De paradox van Menon

Plato (Capitolijnse Musea, Rome)

Op een mooie zomerdag – het zal ergens in de late jaren tachtig zijn geweest – kwam ik aan op Amsterdam CS en ik wandelde naar de fietsenrekken. (Ze waren toen nog dichter bij het station, herinner ik me ineens. Waar komt zo’n herinnering, waar ik in een kwart eeuw niet over heb nagedacht, zo ineens vandaan?) Terwijl ik de plek naderde waar mijn karretje stond, zag ik een man met een oranje tuinbroek op de grond zitten. Toen ik eenmaal door had dat hij zat naast mijn fiets en mijn slot aan het losbreken was, begon ik te rennen, maar hij had mij ook gezien en ging er vandoor op mijn fiets.

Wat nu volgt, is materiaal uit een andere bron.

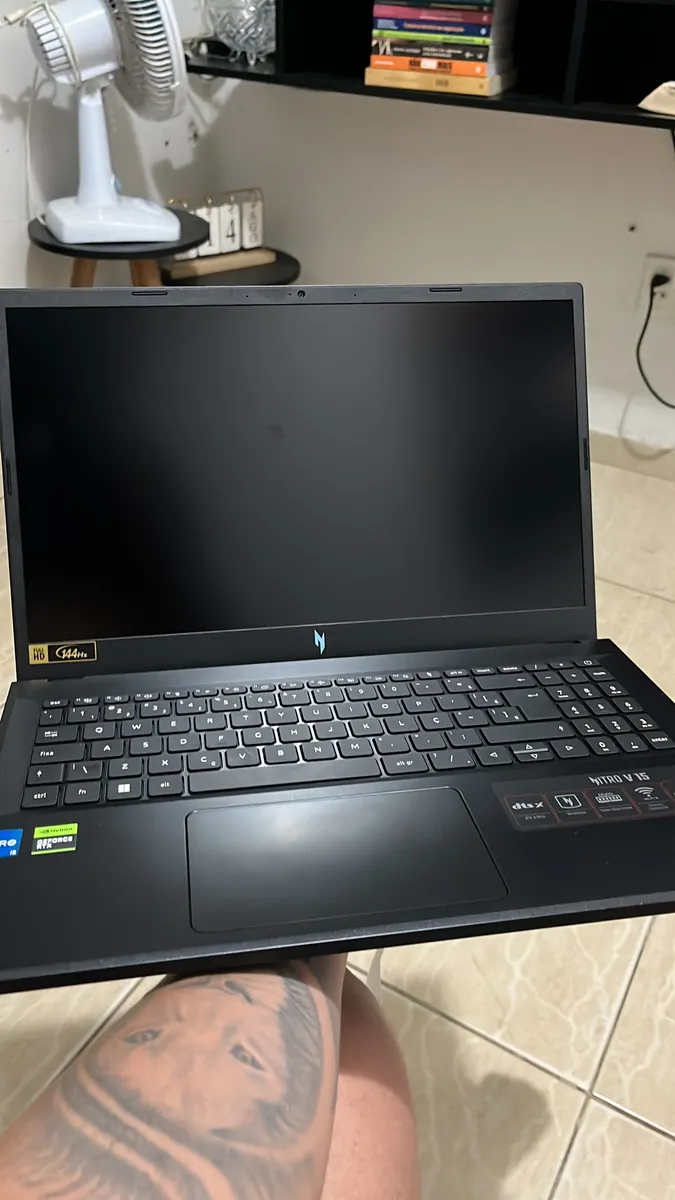 lettering com canetas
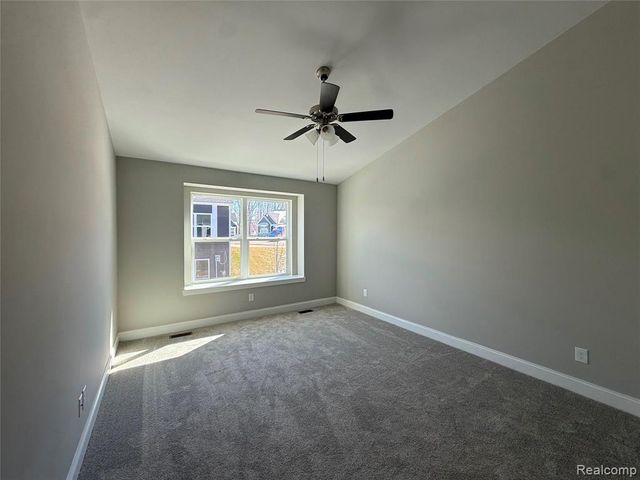 269 Canyon Creek Court 51, Howell, MI 48843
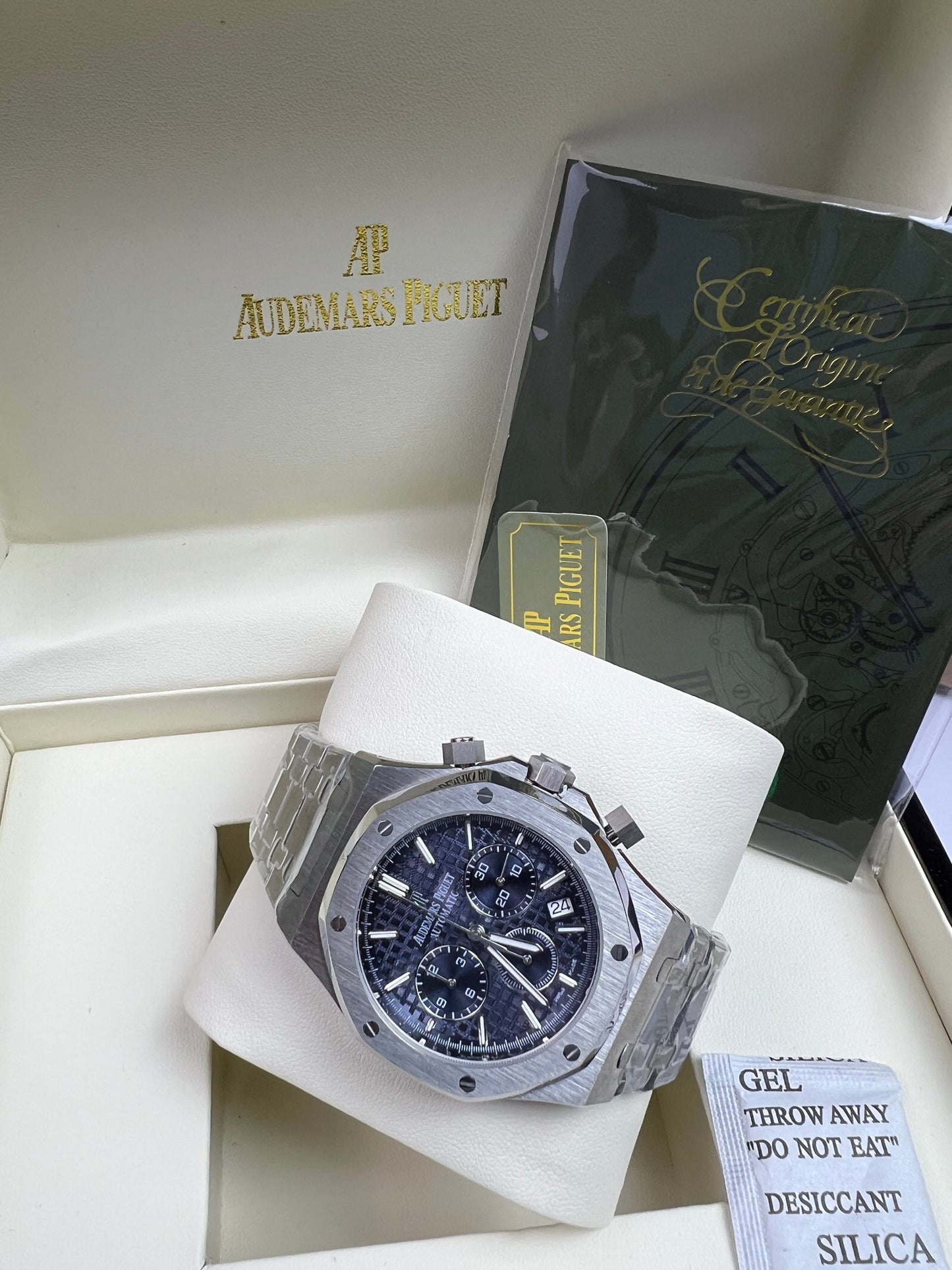 AP Royal Oak Chronograph cadran bleu livraison Maroc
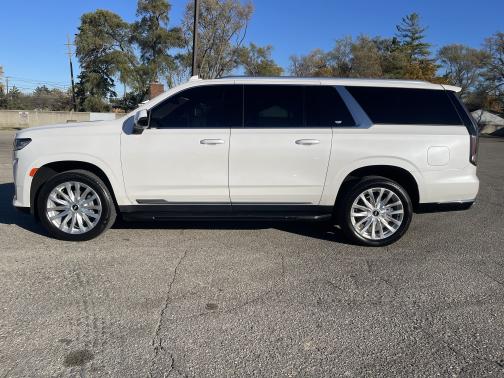 2023 Cadillac Escalade ESV Luxury
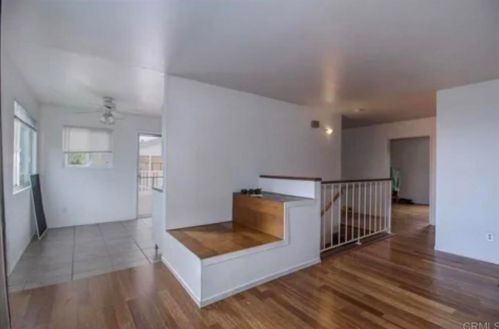 3721 Riviera Dr, San Diego CA 92109-6647 exterior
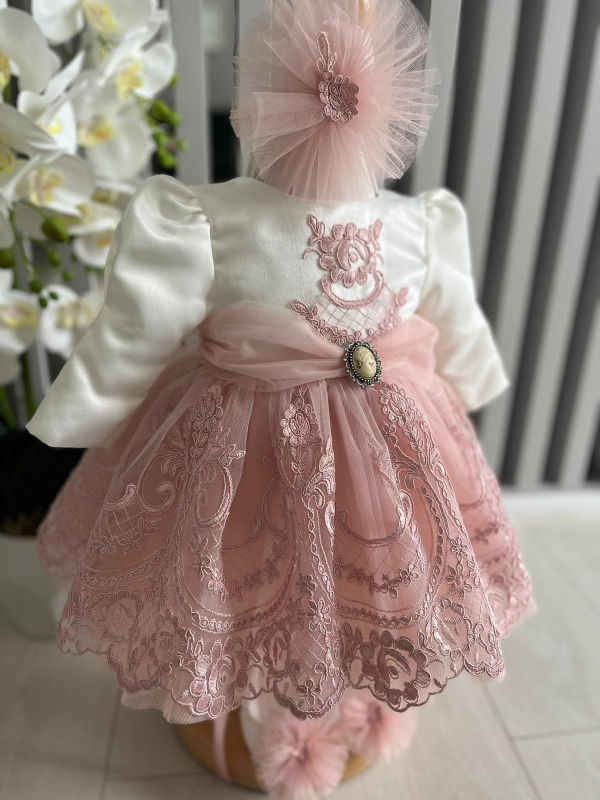 Miniatură: Rochita de botez - Model 19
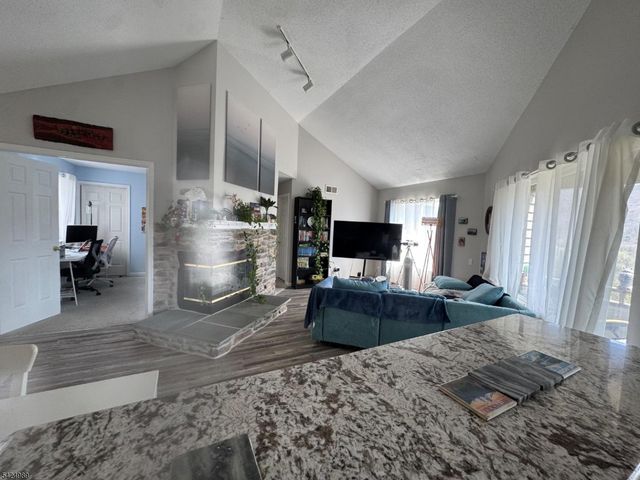 11 Windsor Ct 11, Hardyston Twp., NJ 07419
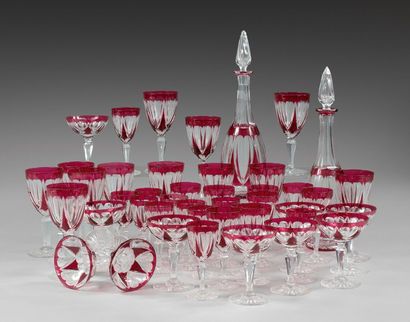 SAINT LOUIS Modèle Beaufort
Partie de service de verres en cristal rouge et incolore...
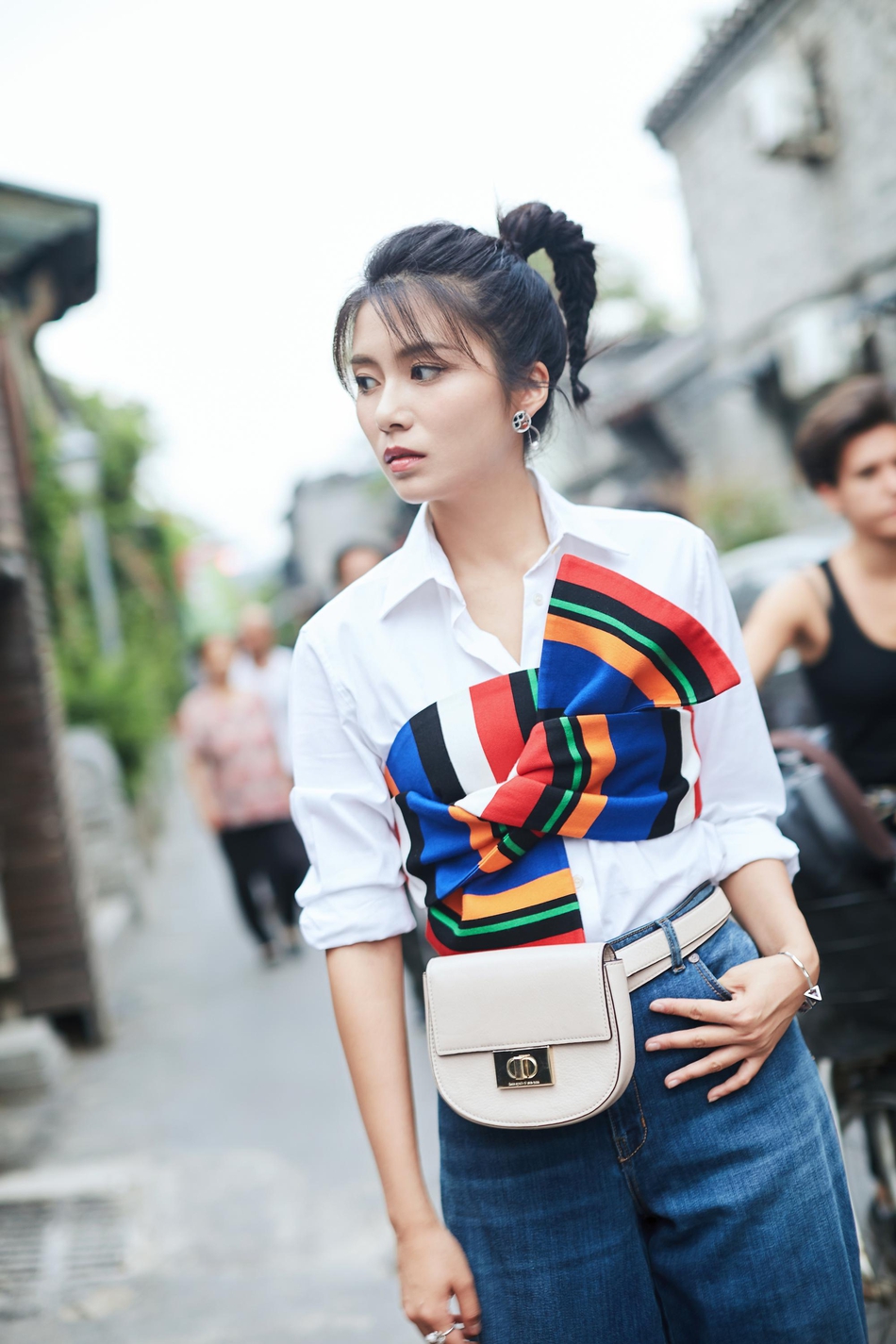 俞思远胡同游主题街拍曝光 马尾辫英气十足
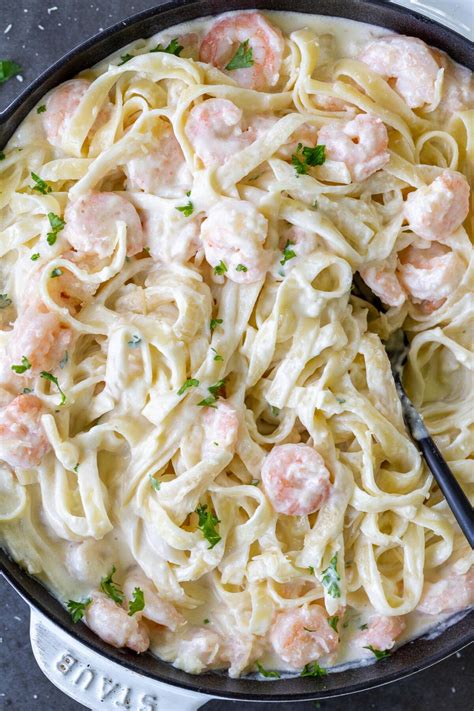 Shrimp Fettuccine Alfredo Recipe 30 Minutes Momsdish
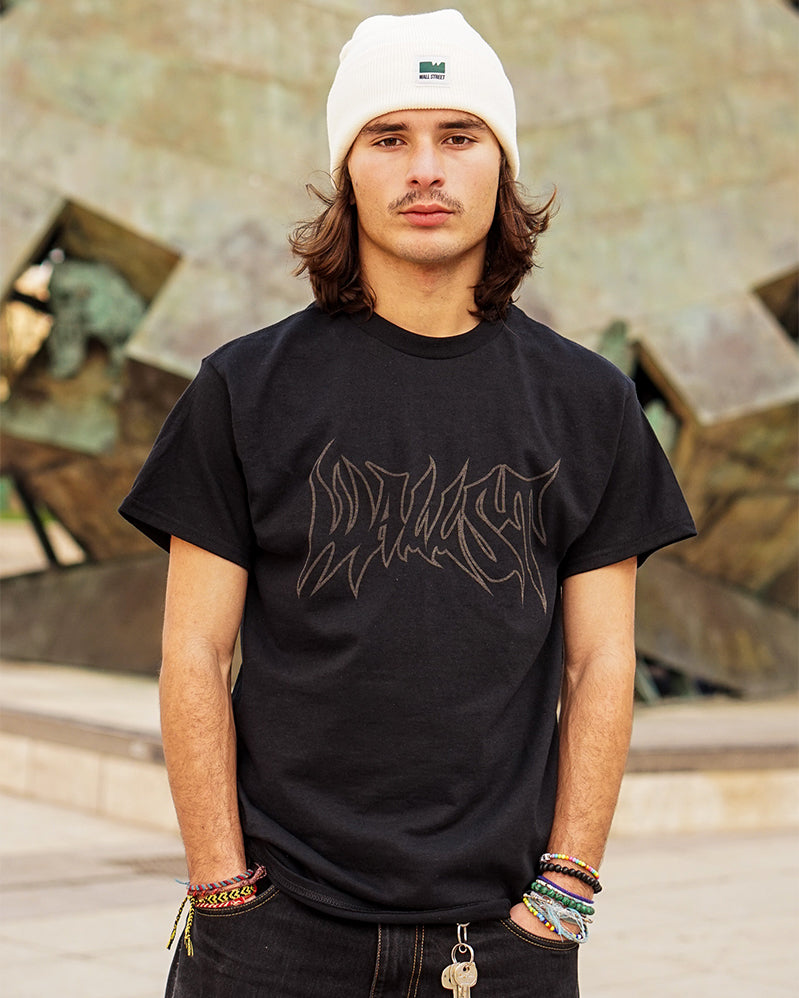 Wallstreet Tee - Goth - Black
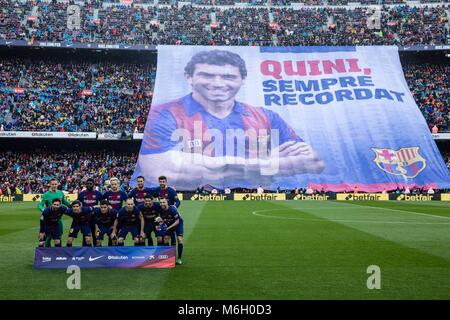 Barcelona, Spanien. 4 Mär, 2018. BARCELONA, SPANIEN - 04. März: der FC Barcelona team und Fans zu Ehren ex FC Barcelona Spieler Enrique González Castro le Letzten 27 Februar während La Liga Match zwischen dem FC Barcelona gegen Atletico de Madrid im Camp Nou Stadion in Barcelona am 04. März 2018 bekannt als Quini tot. Credit: CORDON Cordon Drücken Sie die Taste/Alamy Live News Credit: CORDON PRESSE/Alamy Live News Credit: CORDON PRESSE/Alamy Live News Credit: CORDON PRESSE/Alamy leben Nachrichten Stockfoto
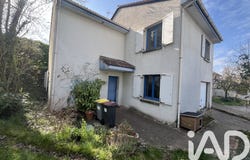 Thiers, Auvergne-Rhône-Alpes 63300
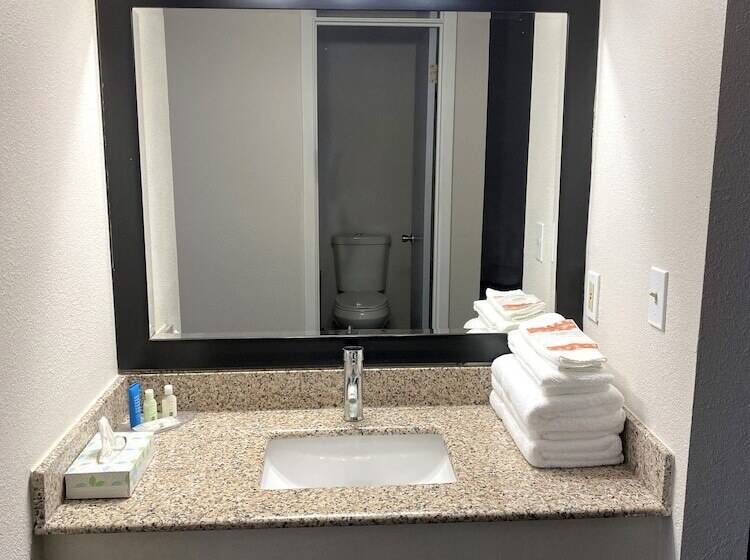 בית מלון כפרי Baymont By Wyndham Del Rio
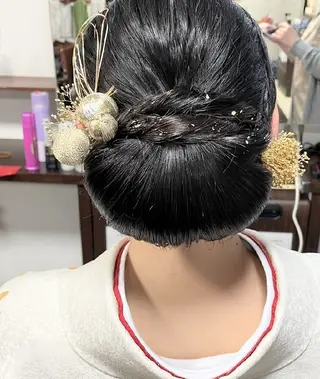 ロング ヘアアレンジ 大槻 百合子のヘアスタイル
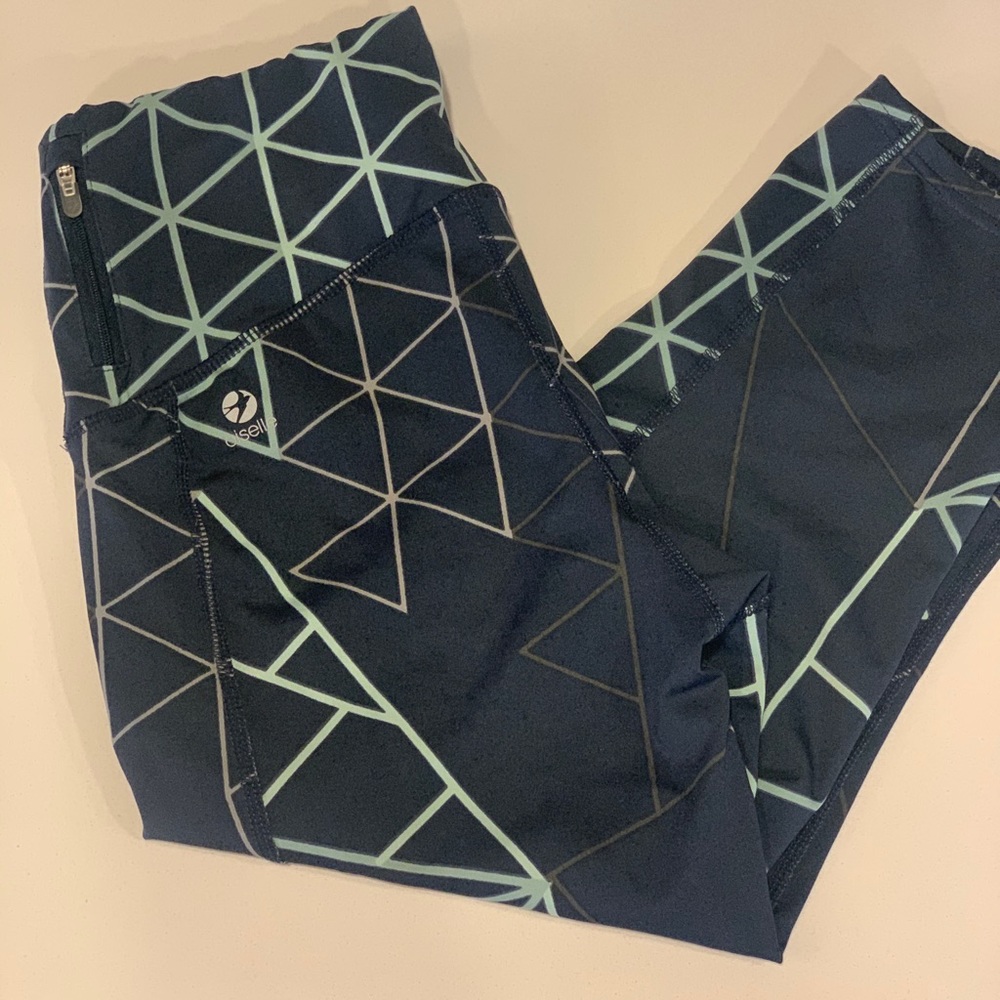 Women’s Oiselle Running Crops, Sz4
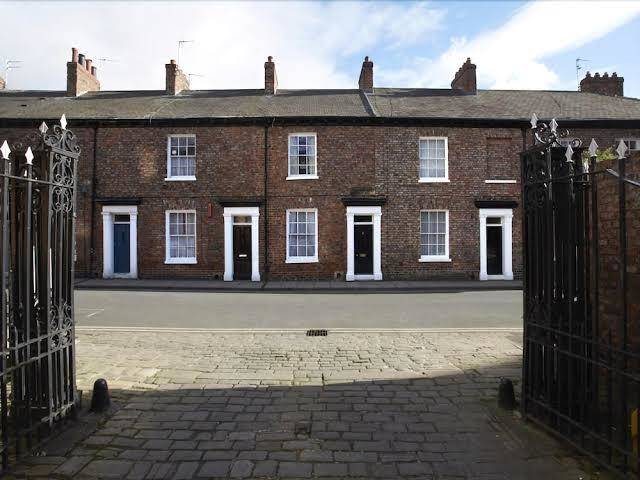 27 george street york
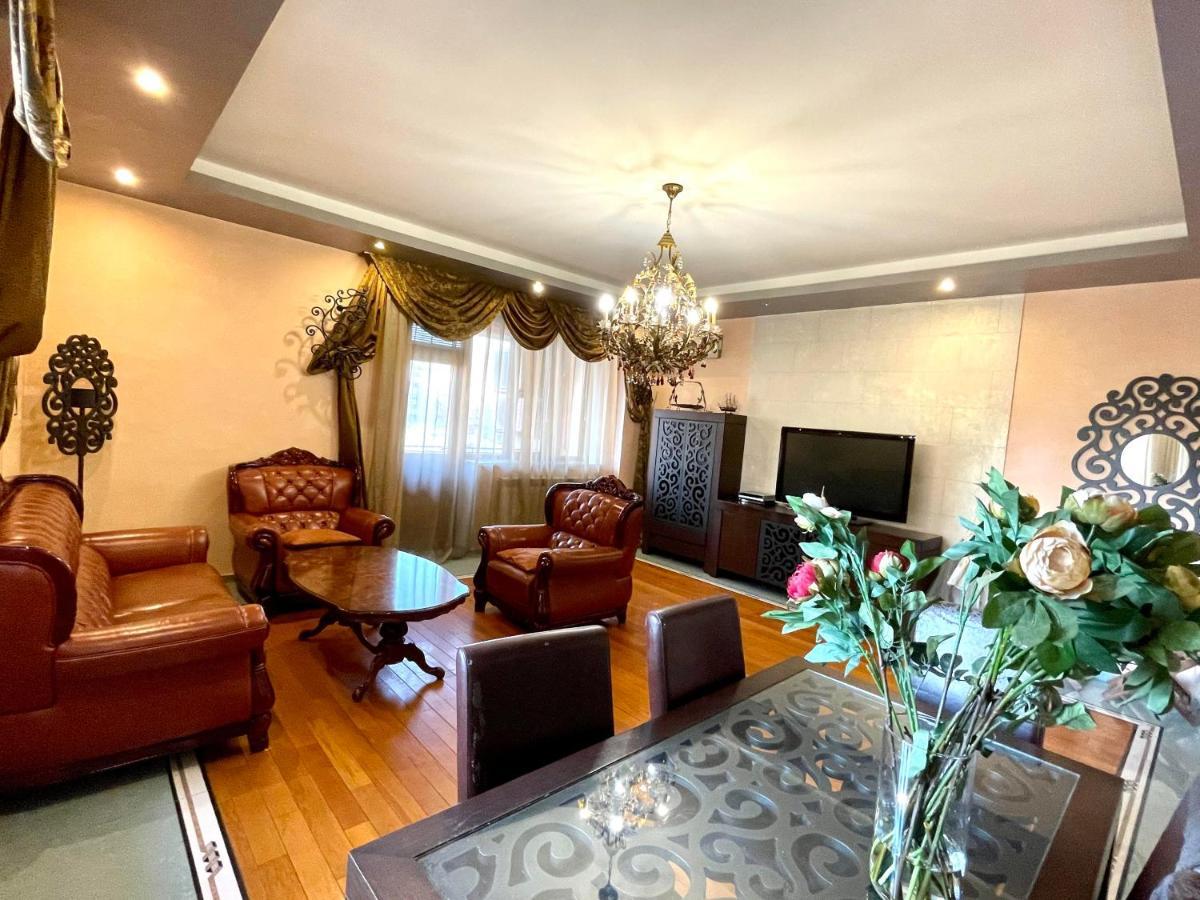 Apartments Emili Erywań Zewnętrze zdjęcie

Even later zat ik bij de politie. Als ze nu naar de Oudemanhuispoort gingen, de plek waar dieven andermans fietsen traditioneel aanboden, konden ze de man met de oranje tuinbroek arresteren. Ze hadden een getuige, ze konden voor één keer werkelijk iets doen. Terwijl ik duidelijk maakte dat haast was geboden, deden ze helemaal niets. Als ze hadden gezegd “tja, dan arresteren we hem en dan staat ’ie na een uur weer op straat”, dan zou ik er nog vrede mee kunnen hebben, maar ze deden helemaal niets. Gewoon, niet luisteren naar wat werd gezegd. Zoals net de herinnering terugkeerde dat de fietsenrekken ooit dichter bij het station stonden, zo ervaar ik nu ineens weer een gevoel van woede. Wat ik dan weer niet herinner is of ik nog aangifte heb gedaan of dat ik kwaad ben weggelopen.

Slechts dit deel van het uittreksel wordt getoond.